「原子力庁」創設も選択肢 原子力委見直しで浮上
政府の原子力委員会の見直しを検討している有識者会合(座長・大西隆東大教授)は22日に会合を開き、複数の出席者が独立性の高い原子力委を廃止し、関連省庁の原発政策機能を統合して政府内に「原子力庁」を創設する案を提言した。原子力委の見直しは法改正が伴うため、実際の改編は衆院選後の政権の判断に委ねられる見通しだ。
有識者会合は年内に新しい体制案をまとめる方針だ。城山英明東大教授は「各省と原子力委の分担体制が十分機能してこなかった側面がある」と述べ、原子力委を廃止した場合、安全規制以外の原発政策を担う原子力庁の設置を提案した。
中西寛京大教授も一つの選択肢として内閣府の外局に原子力庁を設置し、同庁長官に勧告権を持つ専門家の委員会をつくる再編案を示した。
原子力委は原子力政策の司令塔として十分に機能せず、福島第1原子力発電所の事故後、組織を見直す機運が高まっている。
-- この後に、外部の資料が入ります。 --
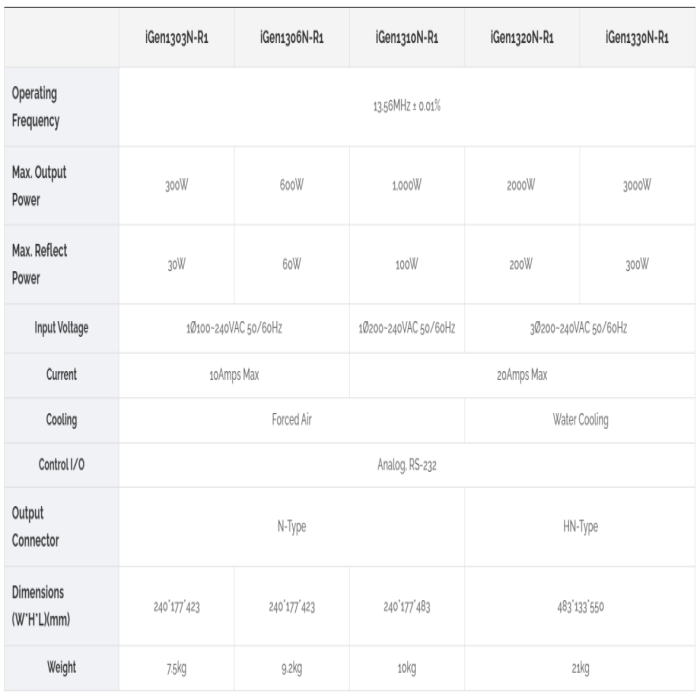iGen Series Frequency & Power Range Chart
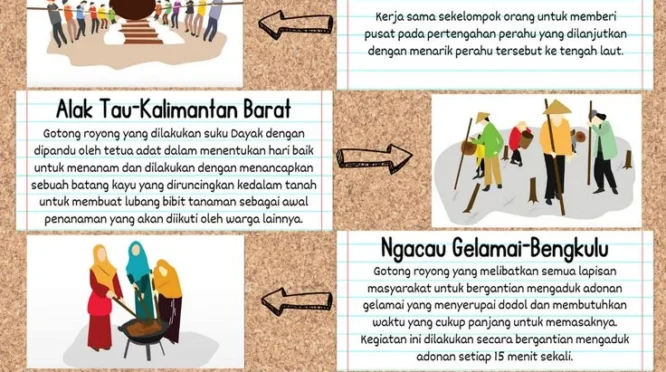 DPR Dukung Pemanfaatan CSR dan Kantin Sekolah untuk SPPG, Sejalan dengan Gotong Royong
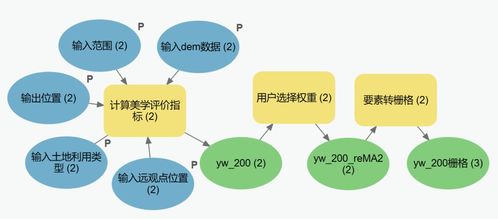 面向游客的旅游路線優(yōu)化設計——以丹霞山景區(qū)為例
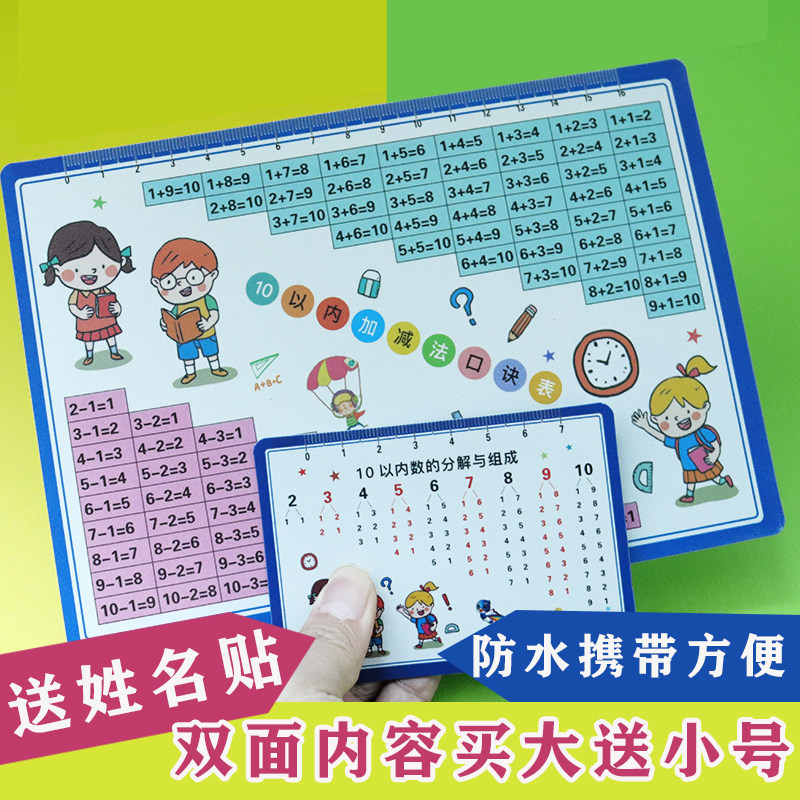 Addition and subtraction of numbers within 10 and composition of cards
22日の有識者会合では原子力委と民間の電気事業者の間で責任があいまいだった核サイクル政策を国が担う体制に改める方針で一致した。
会合に出席した前原誠司国家戦略相は「衆院選後にどのような政権の枠組みになるかは分からない」と語った上で「原発依存度を下げる、再生可能エネルギーを進めることに(次期政権も)大きな違いはない」として議論の継続を求めた。